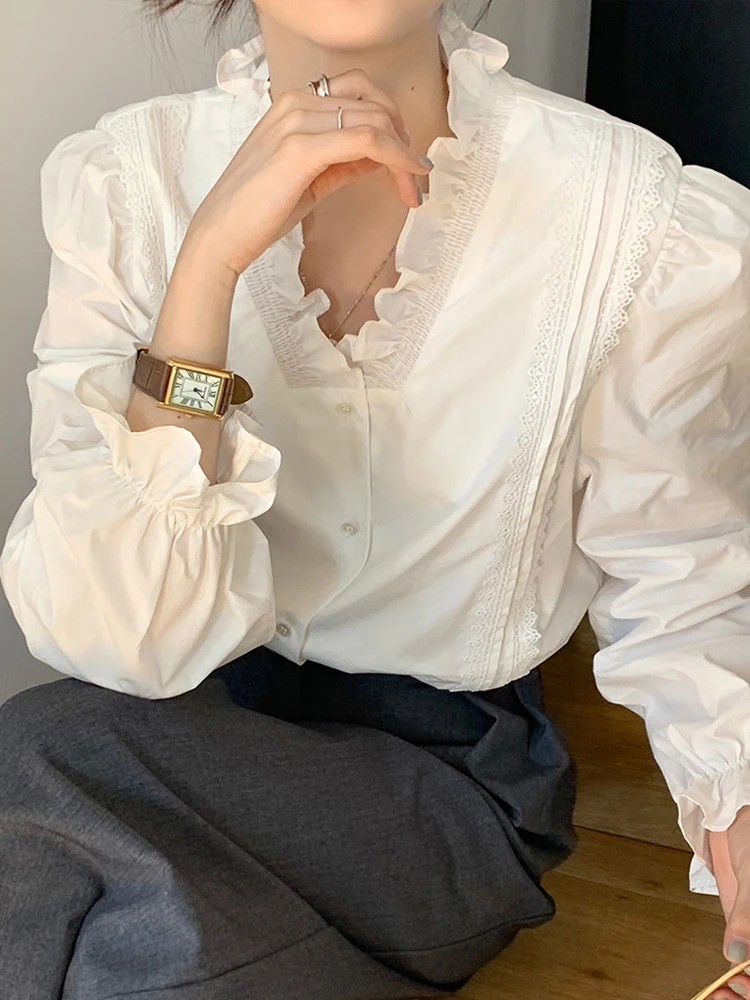 

Женская свободная рубашка с V-образным вырезом, кружевная рубашка с пышными рукавами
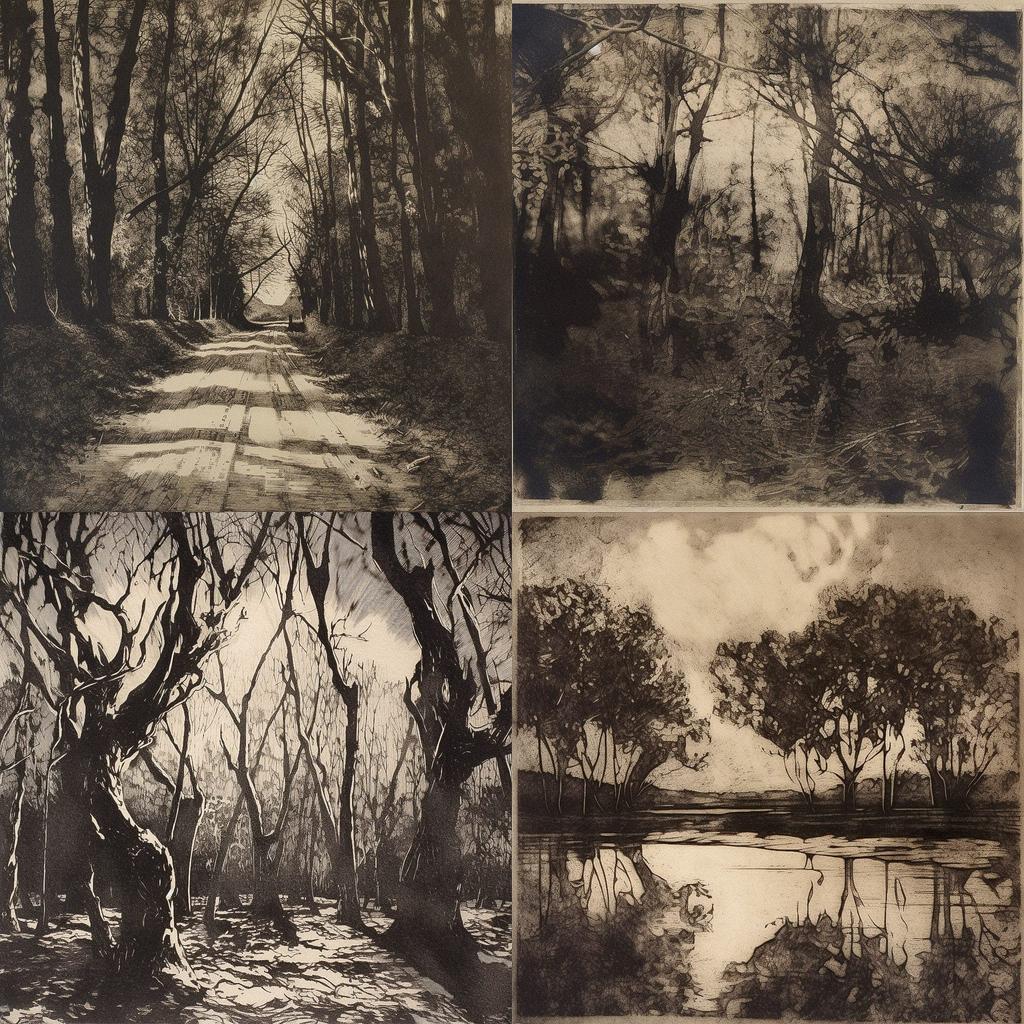 Gumoil print style, Midjourney V5, render 1 of 4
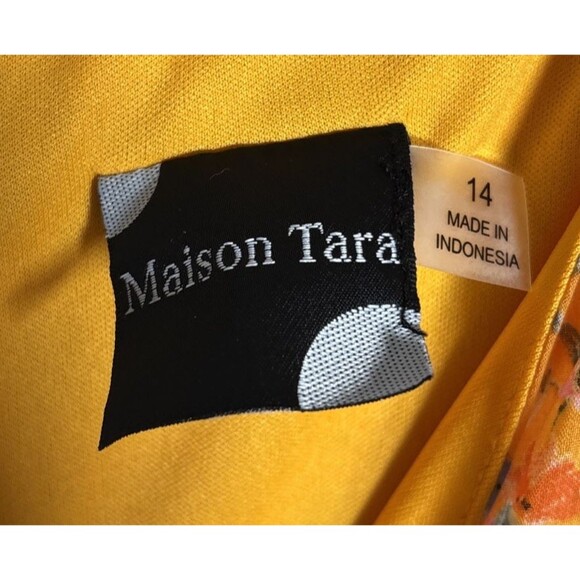 Maison Tara Womens Size 14 Cold Shoulder Maxi Dress Chiffon Yellow Belted Ruffle - Picture 7 of 12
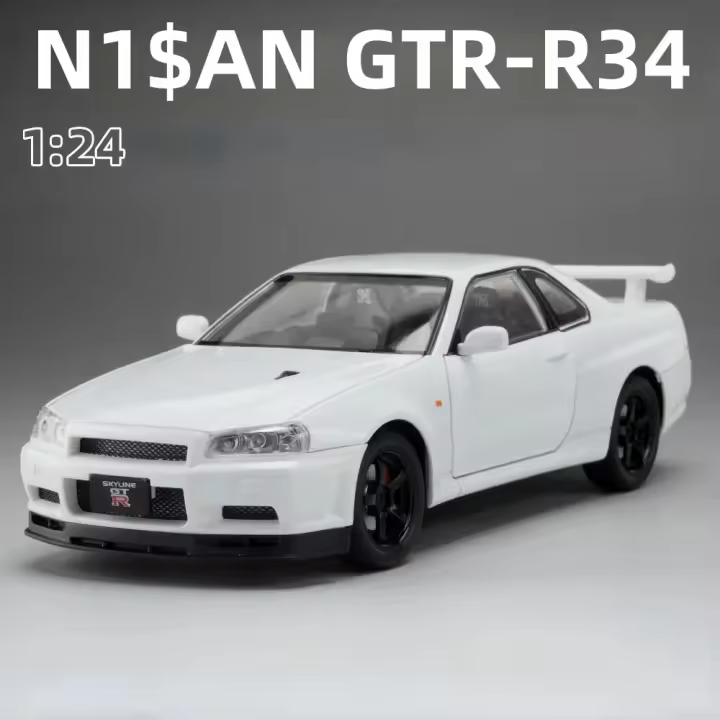 Modelo De Coche Nissan Skyline GTR R34 1:24 Con Sonido Y Luz Coche De Acción De Aleación Juguete De Metal Para Niños C342 - 1
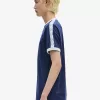 Taped Ringer Herren T-Shirt Carbon Blue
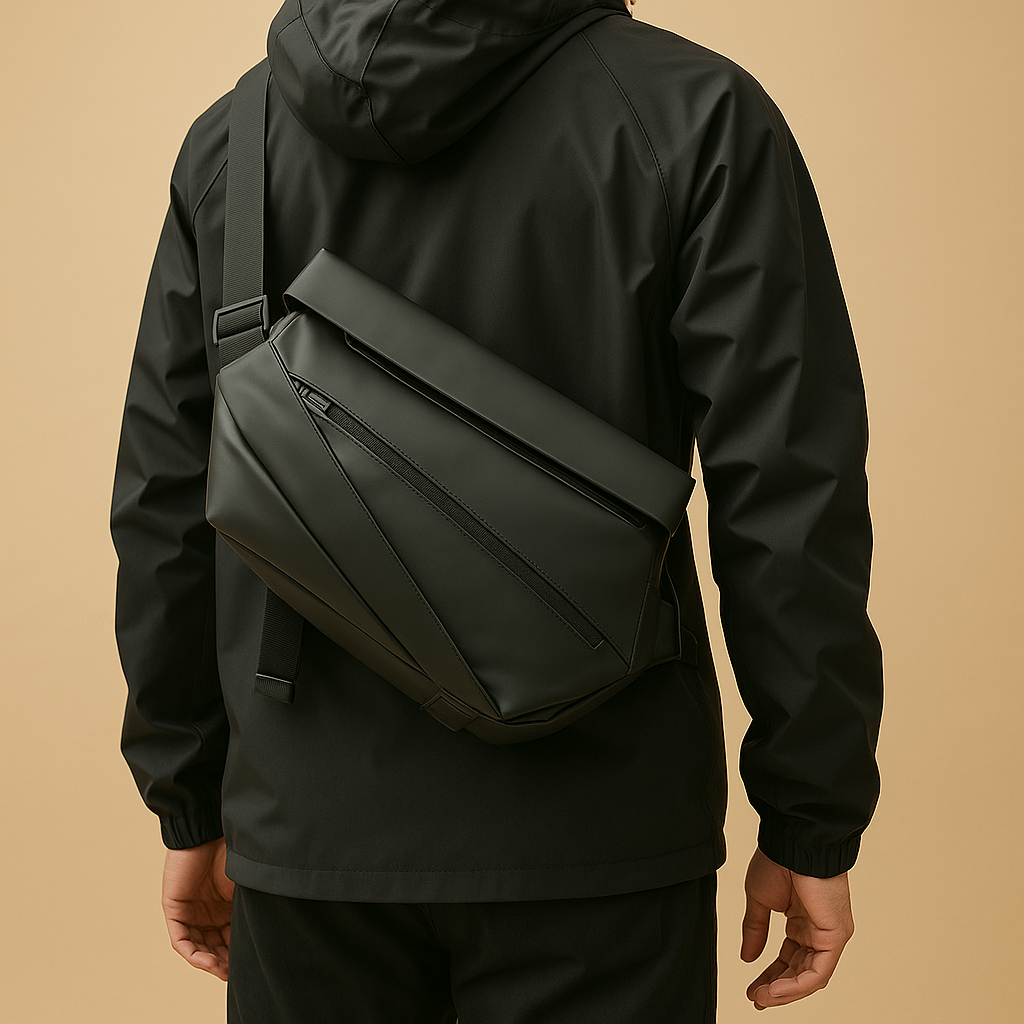 Anti-theft sling bag for men made of waterproof vegan leather with magnetic closure, zip compartments, and ergonomic strap—perfect for commuting or travel.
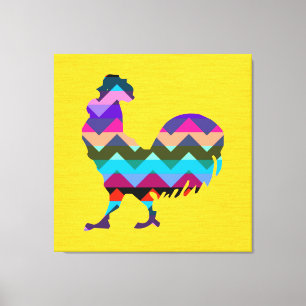 Rooster Chevron Canvas Print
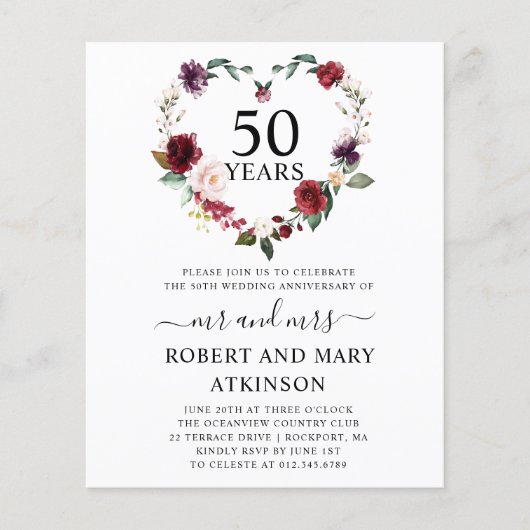Papier Budget Bourgogne Floral Invitation du 50e annivers (Devant)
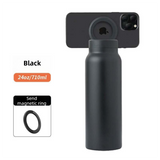 Darrahopens Appliances > Kitchen Appliances > Kettles Black 24oz Stainless Steel Insulated Water Bottle With 90° Adjustable Vertical/Horizontal Magnetic Phone Holder - Ringo Style Magnetic Lid Sport Flask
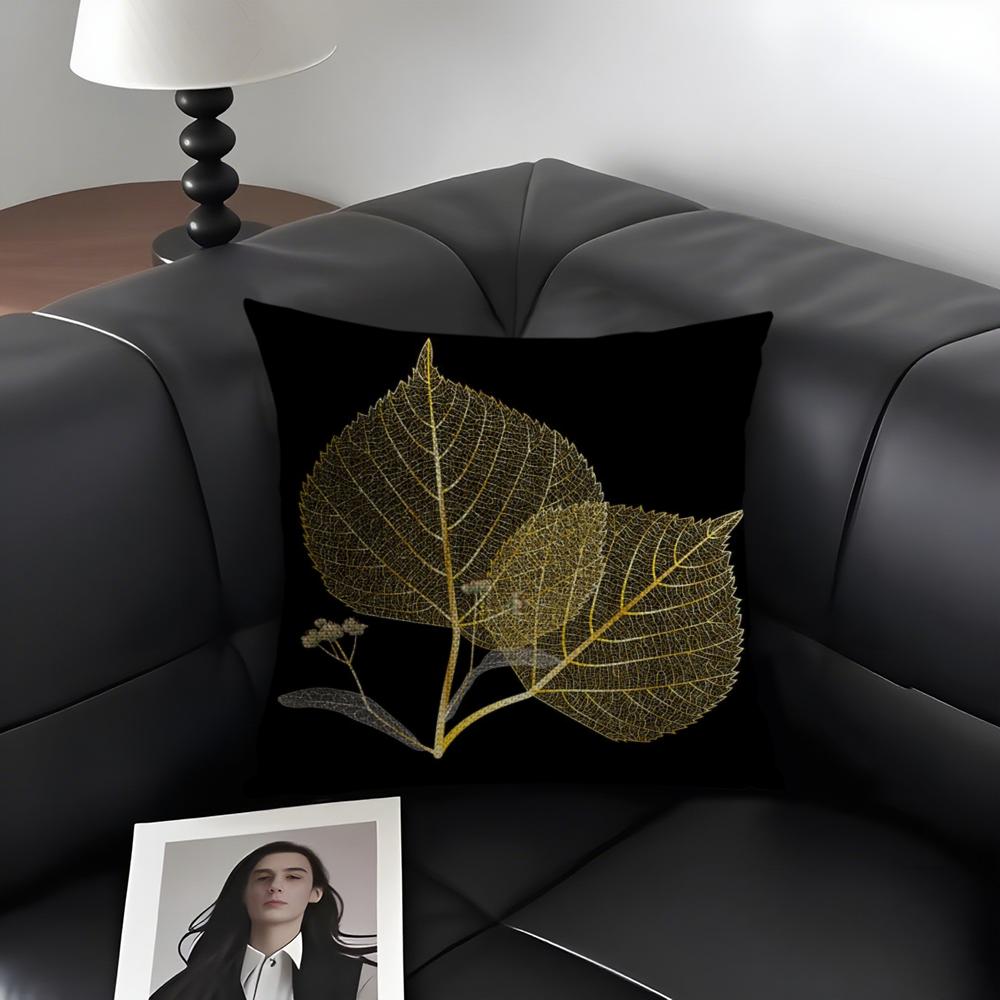 Golden Leaf Branch Pattern Cushion Cover Natural Linen Organic Fabric DoubleSided Printing Sofa Home Decor Gift Pillow Case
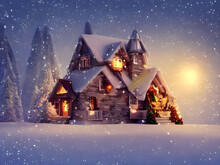 Haus Im Winterwunderland, Weihnachtlich Mit Lichter, Weihnachten, Illustration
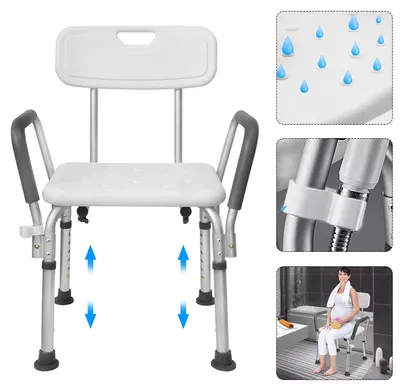 Imagen del producto de Silla de ducha - Taburete de ducha - 5 ajustes de altura, de 37,5 a 50,5 cm - Patas antideslizantes - Respaldo y reposabrazos - Marco de aluminio - Sin acolchado - Carga máxima: 136 kg
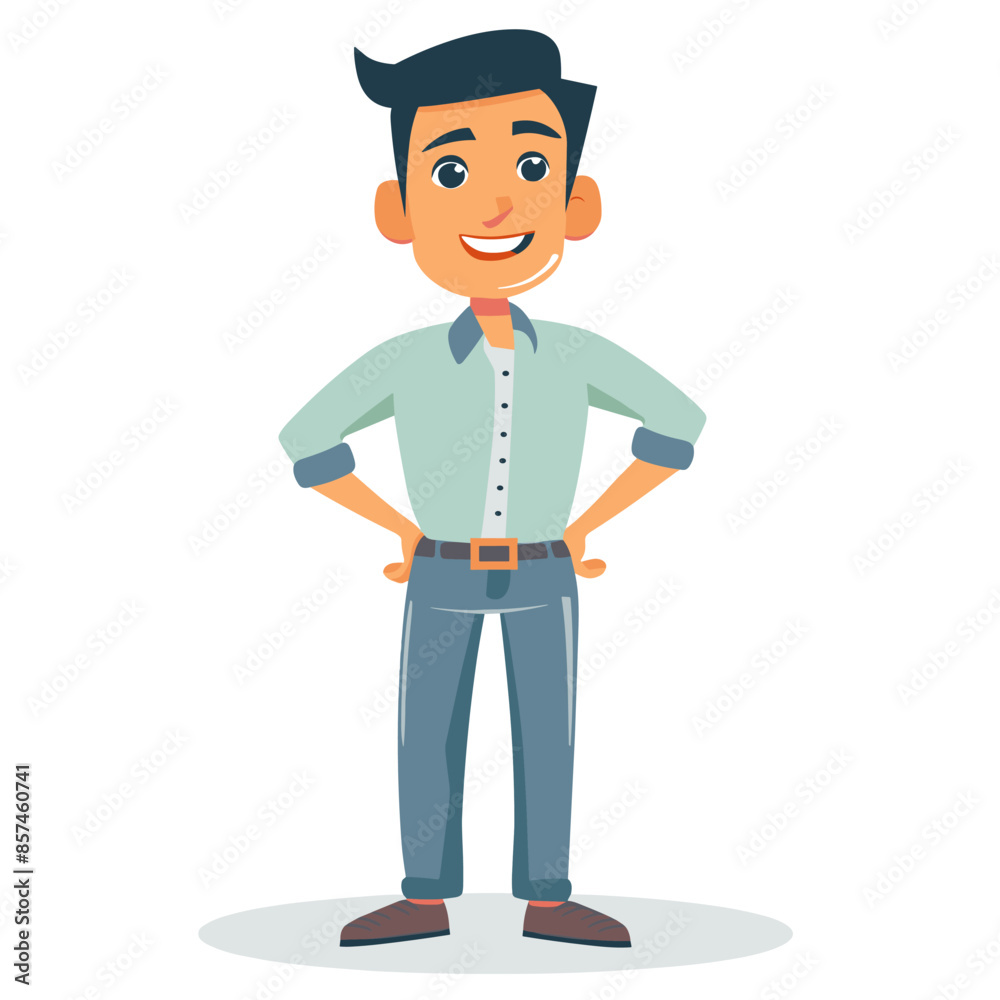 Young man standing with hands on hips, smiling and looking at camera. Vector illustration in cartoon style. Young man standing with hands on hips, smiling and looking at camera. Vector illustration in cartoon style.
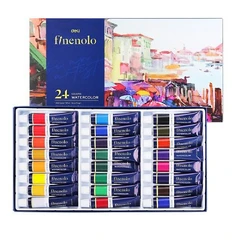 Акварелни бои Deli Finenolo EC19-24, 24 цвята, 12 мл, в тубички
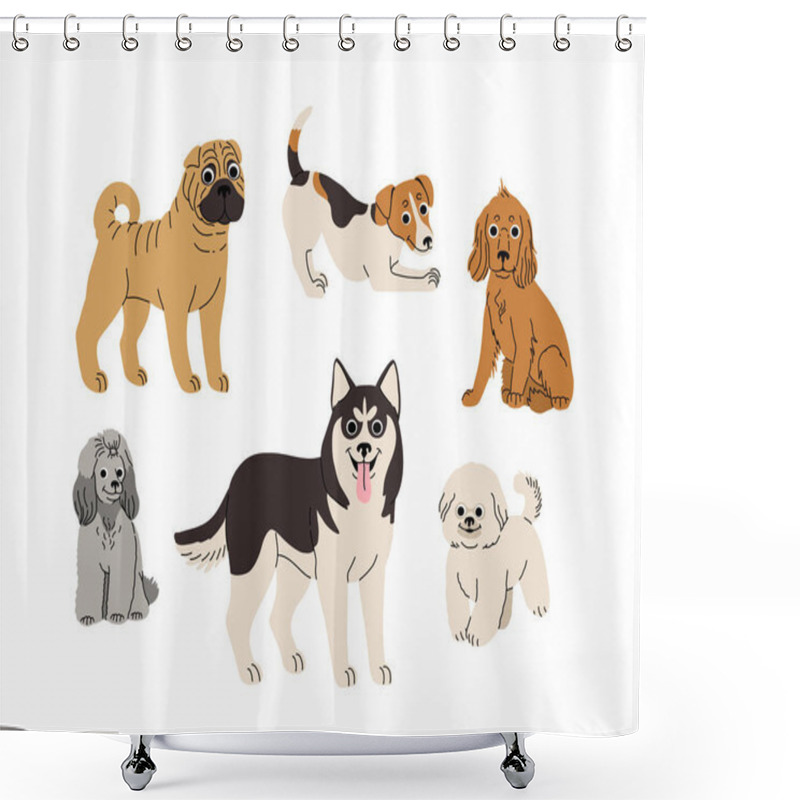 Personality  Cartoon Dogs In Motion Set. Different Canine Breeds. Active Puppies Siberian Husky, Jack Russell Terrier, Cocker Spaniel, Miniature Poodle, Shar Pei, Bishon Frize. Flat Vector Illustration Shower Curtains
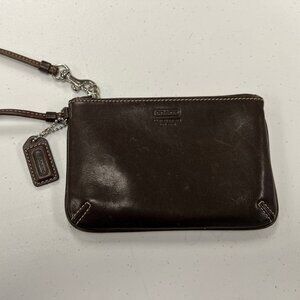 Natural Grain Leather Small Zip Pouch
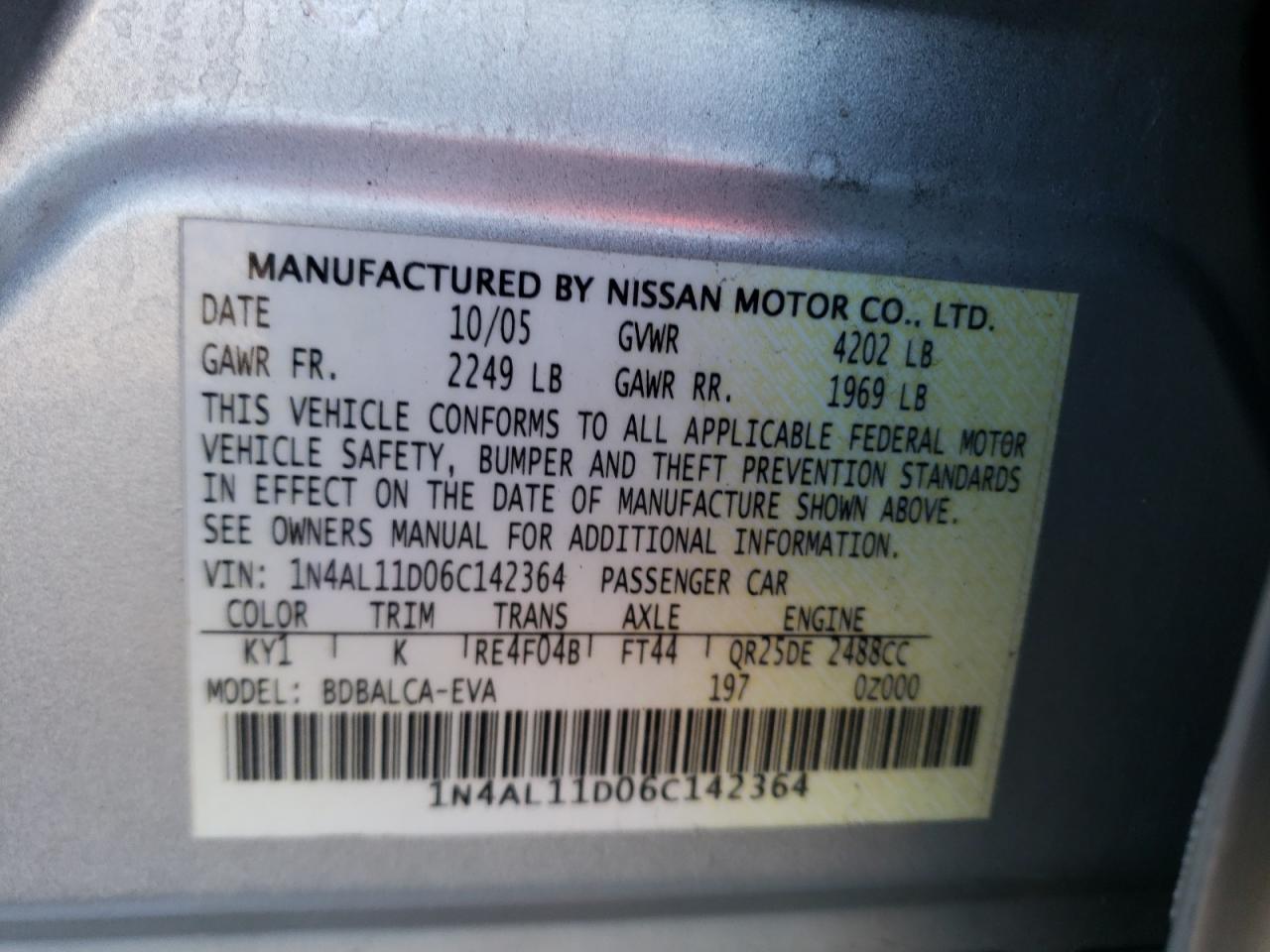 Photo 10 from auction – 2006 NISSAN ALTIMA S with VIN 1N4AL11D06C142364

★ ★ ★ ★ ★

Goal of the exercise. From the first line of the material down to the line containing "Modelo De Coche", inclusive, return each line exactly, skipping any picture.

Solution for this task.
Женская свободная рубашка с V-образным вырезом, кружевная рубашка с пышными рукавами
 Gumoil print style, Midjourney V5, render 1 of 4
 Maison Tara Womens Size 14 Cold Shoulder Maxi Dress Chiffon Yellow Belted Ruffle - Picture 7 of 12
 Modelo De Coche Nissan Skyline GTR R34 1:24 Con Sonido Y Luz Coche De Acción De Aleación Juguete De Metal Para Niños C342 - 1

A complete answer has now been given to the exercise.